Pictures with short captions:
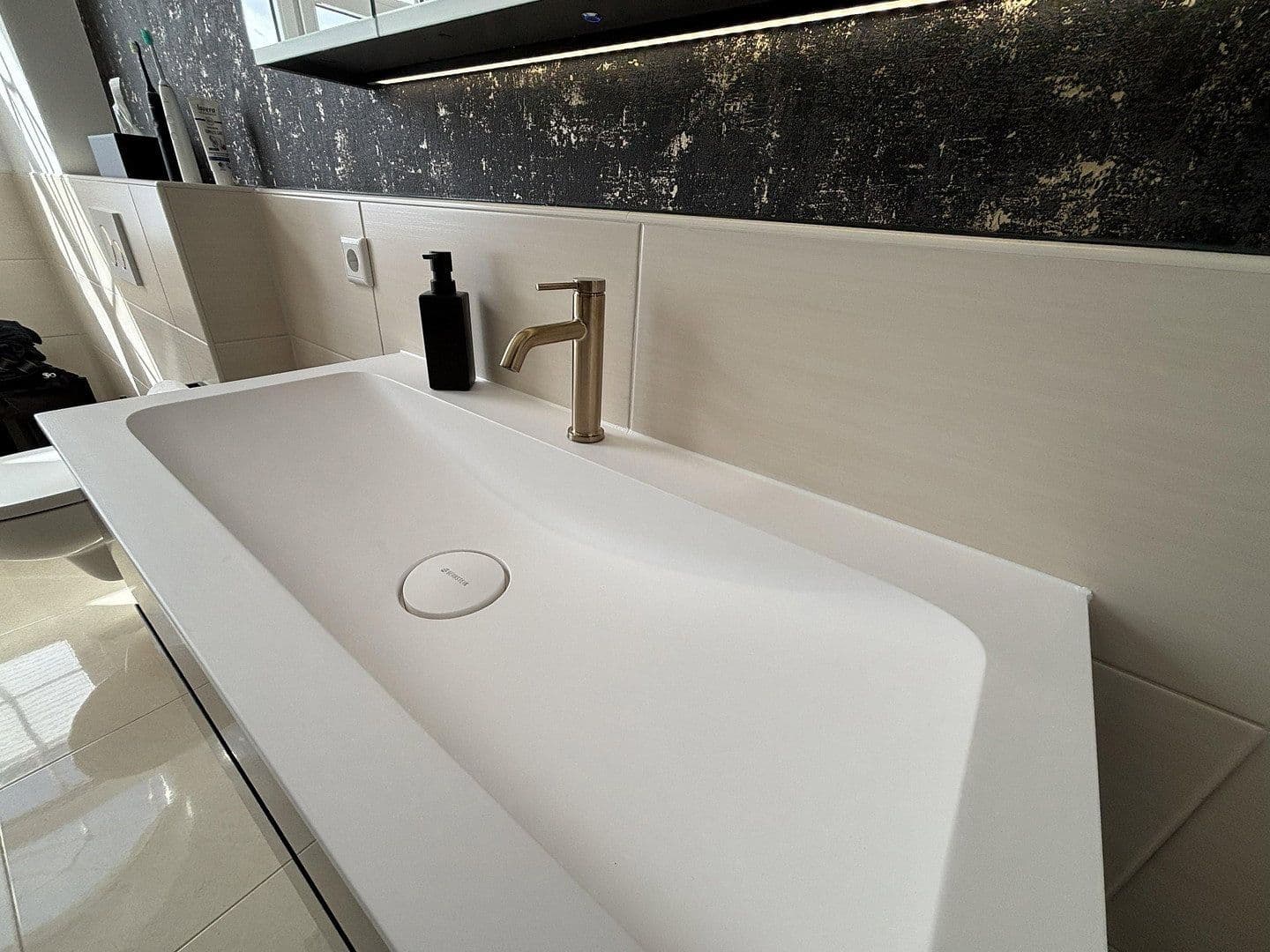 Predaj domu 197 m², pozemek 859 m², Kührstedter Weg 11, Geestland, Dolné Sasko Predaj domu 197 m², pozemek 859 m², Kührstedter Weg 11, Geestland, Dolné Sasko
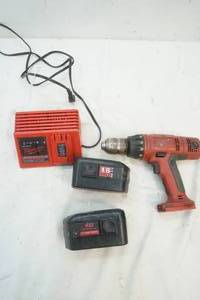 lot 195 image: Milwaukee drill, two batteries and one charger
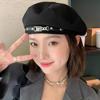 Metalowa klamra beret damski brytyjski retro casual kapelusz malarza niszowy eksponujący twarz mały kapelusz pączek trend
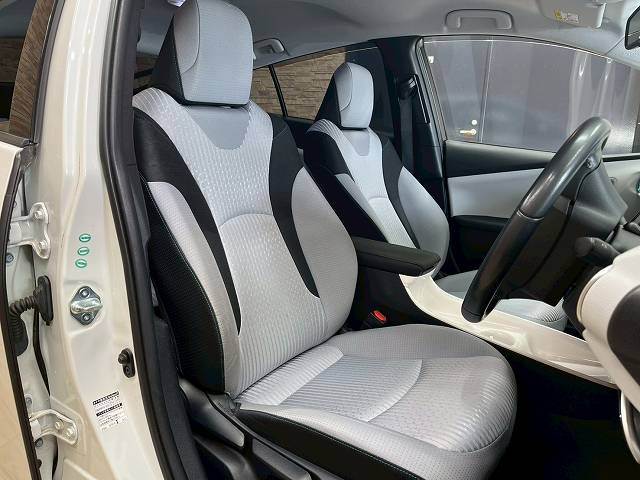 トヨタ&nbsp;プリウスの画像5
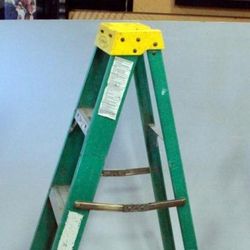 Werner Fiberglass Ladder - Green 4 Foot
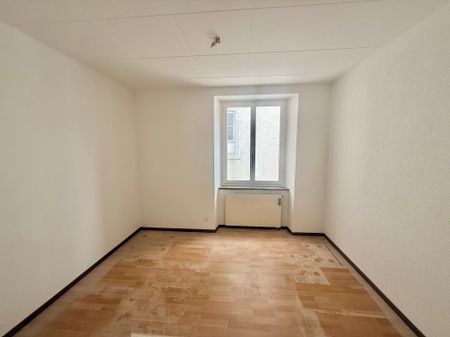 Charmant 3.5 pièces lumineux au centre de St-Imier - Photo 2
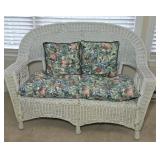 WICKER LOVESEAT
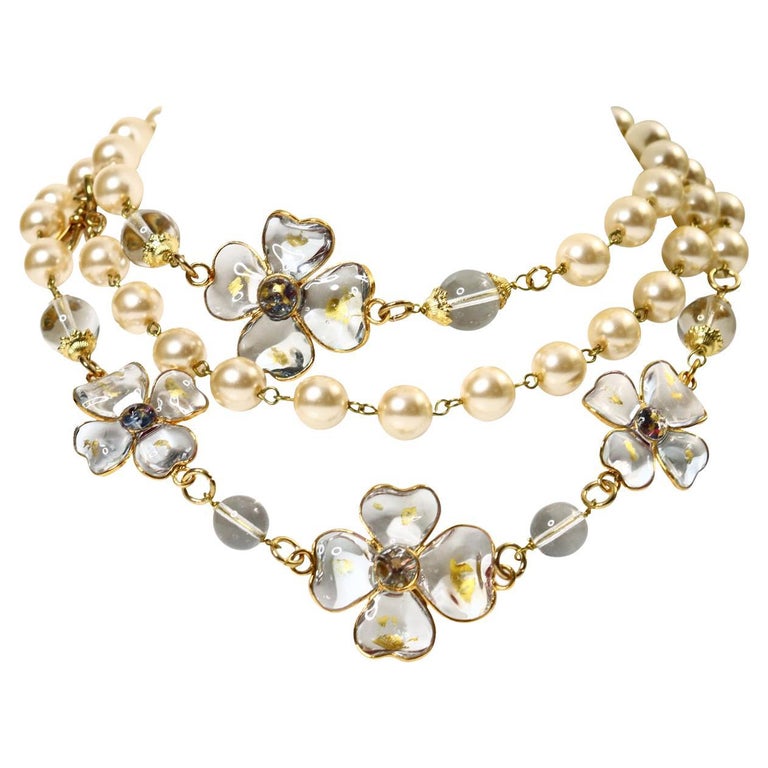 Collier Sautoir Vintage Argenté Avec Perles Translucides à Facettes - Longueur Ajustable, Occasion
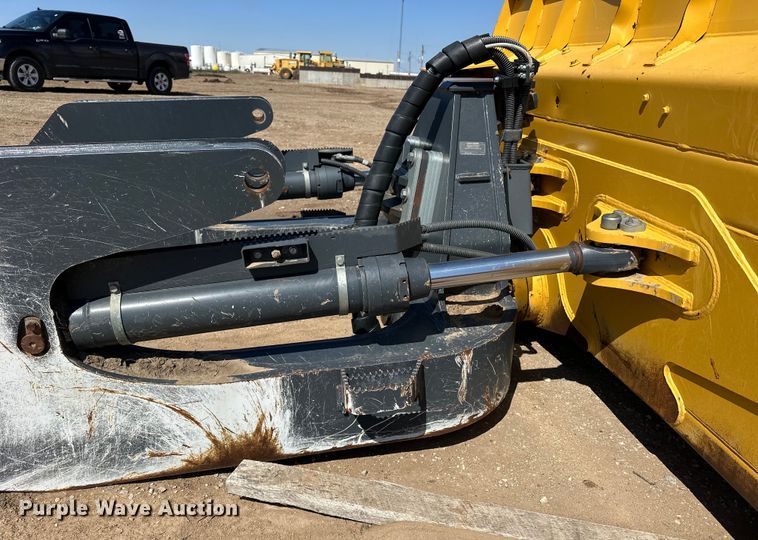 image for item OE9006 John Deere 850L dozer blade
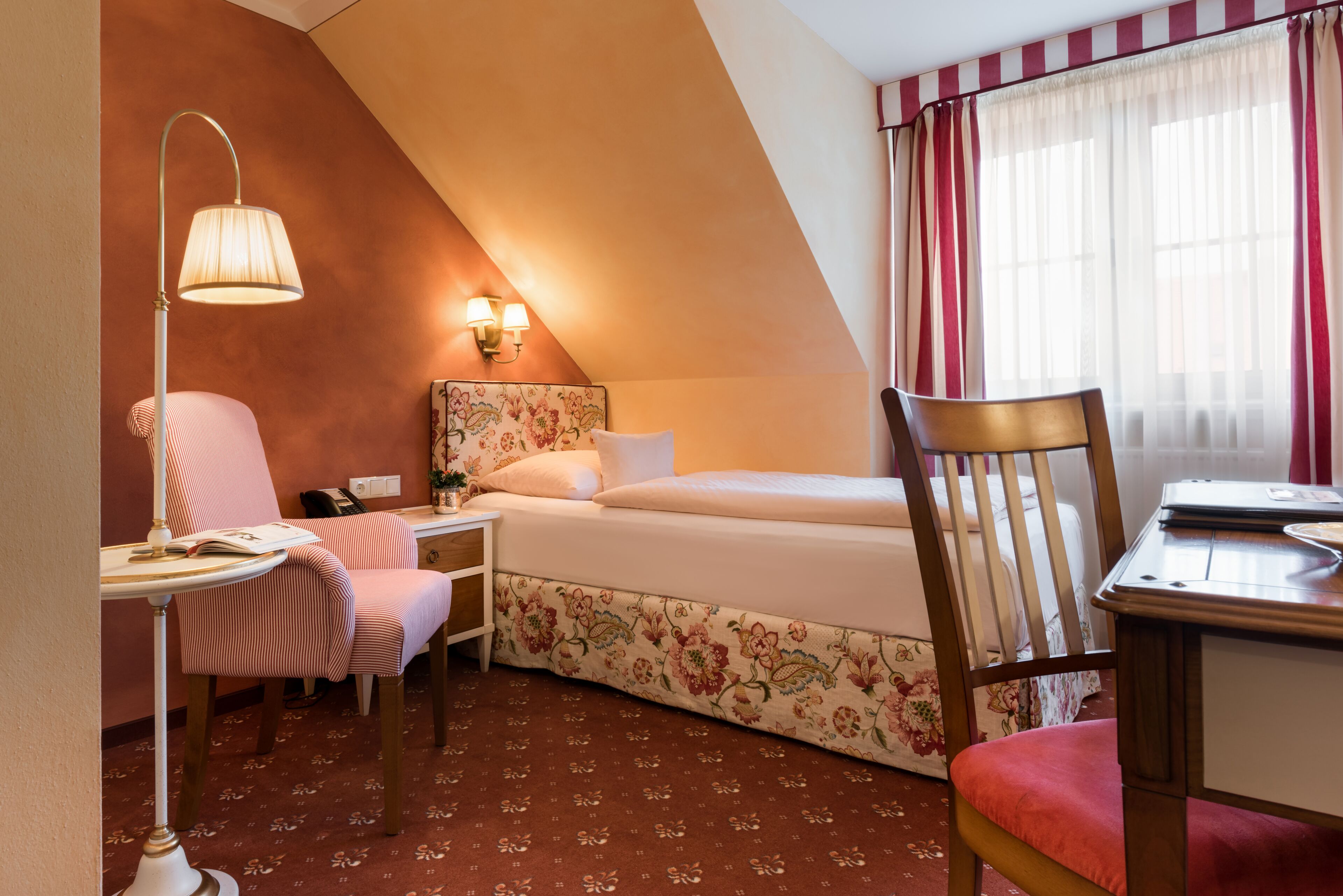 business single room | hypo-allergenic bedding, in-room safe, desk, cots/infant beds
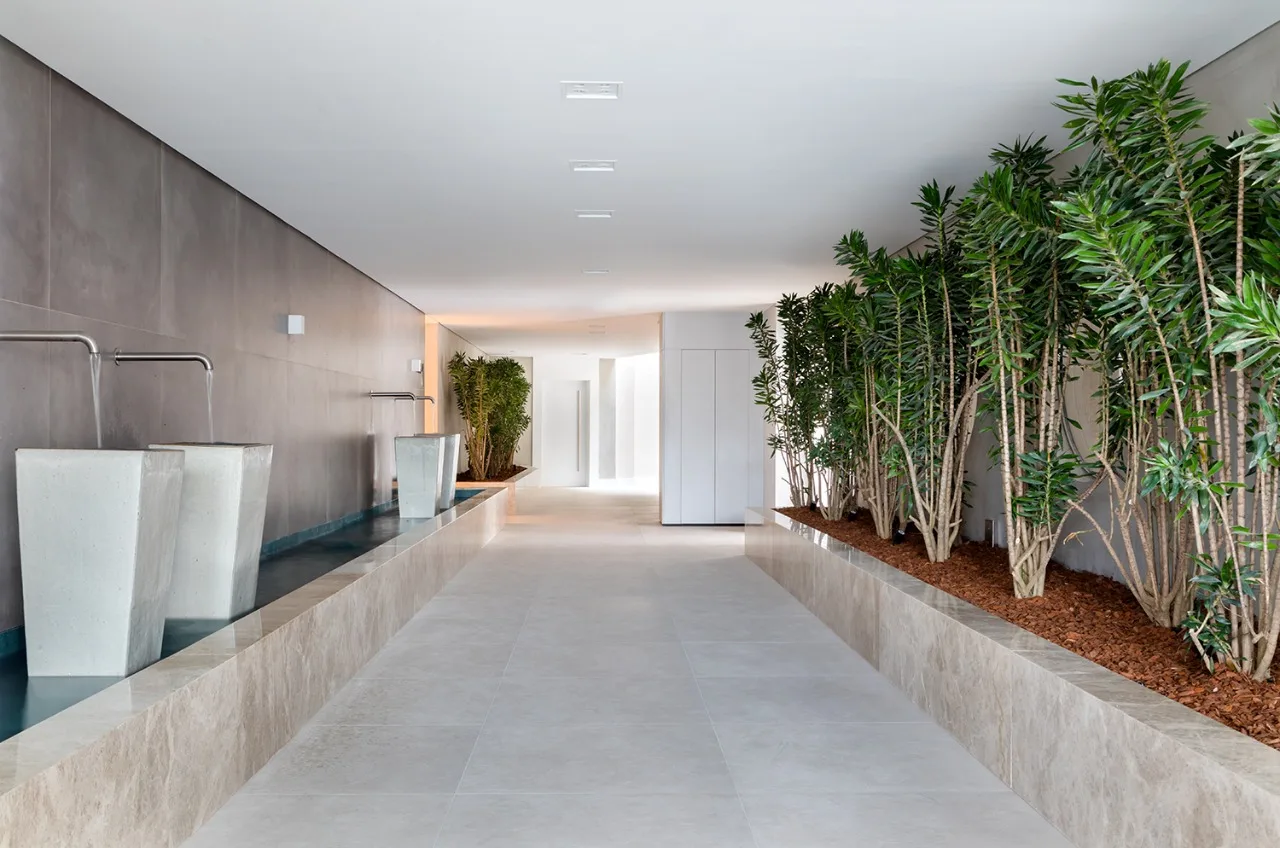 Città Life Residence: Ultra-Luxury Villa with Resort-Style Amenities in Jurerê Internacional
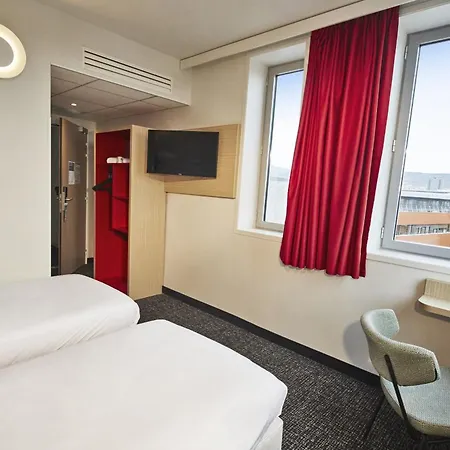 Kyriad Eco - Ferrand Estaing Ξενοδοχείο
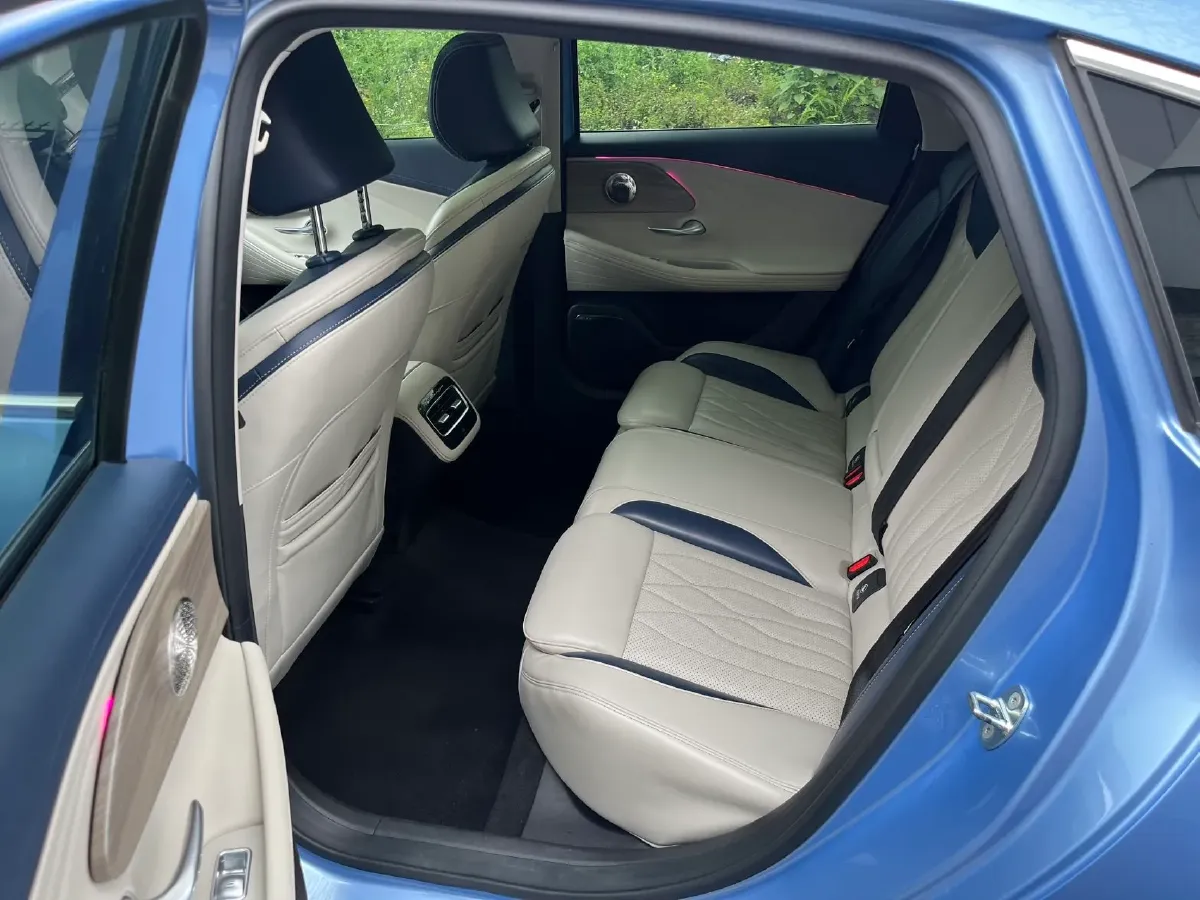 2022 Chery Arrizo 8 1.6T 197HP L4 7DCT,autocango,china used car exporter,china ev exporter,chinese used car exporter,chinese used ev exporter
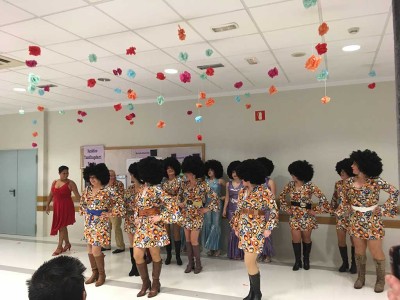 Baile en la Residencia de la tercera edad Txurdinagabarri de Bilbao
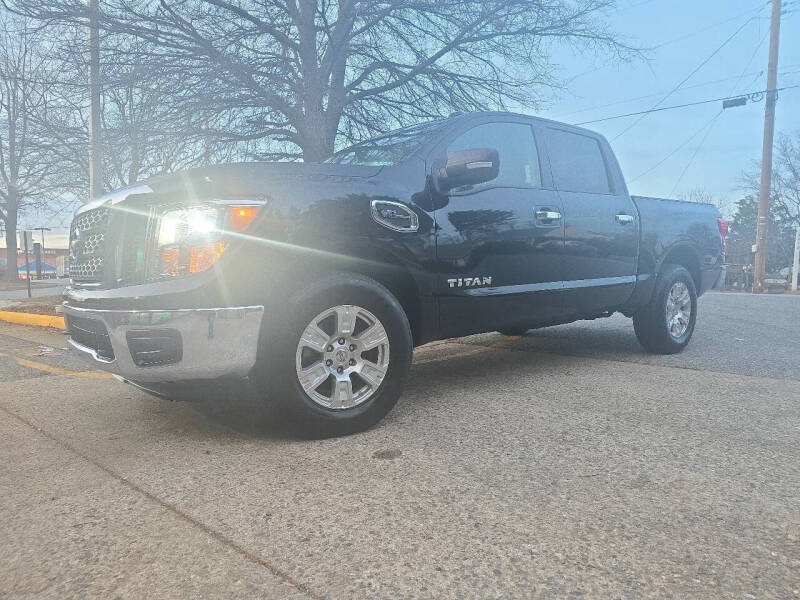 2017 Nissan Titan SV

§ Problem statement
Images stay out; the entries above are to be printed exactly.

§ Task response
 Predaj domu 197 m², pozemek 859 m², Kührstedter Weg 11, Geestland, Dolné Sasko Predaj domu 197 m², pozemek 859 m², Kührstedter Weg 11, Geestland, Dolné Sasko
 lot 195 image: Milwaukee drill, two batteries and one charger
 Metalowa klamra beret damski brytyjski retro casual kapelusz malarza niszowy eksponujący twarz mały kapelusz pączek trend
 トヨタ&nbsp;プリウスの画像5
 Werner Fiberglass Ladder - Green 4 Foot
 Charmant 3.5 pièces lumineux au centre de St-Imier - Photo 2
 WICKER LOVESEAT
 Collier Sautoir Vintage Argenté Avec Perles Translucides à Facettes - Longueur Ajustable, Occasion
 image for item OE9006 John Deere 850L dozer blade
 business single room | hypo-allergenic bedding, in-room safe, desk, cots/infant beds
 Città Life Residence: Ultra-Luxury Villa with Resort-Style Amenities in Jurerê Internacional
 Kyriad Eco - Ferrand Estaing Ξενοδοχείο
 2022 Chery Arrizo 8 1.6T 197HP L4 7DCT,autocango,china used car exporter,china ev exporter,chinese used car exporter,chinese used ev exporter
 Baile en la Residencia de la tercera edad Txurdinagabarri de Bilbao
 2017 Nissan Titan SV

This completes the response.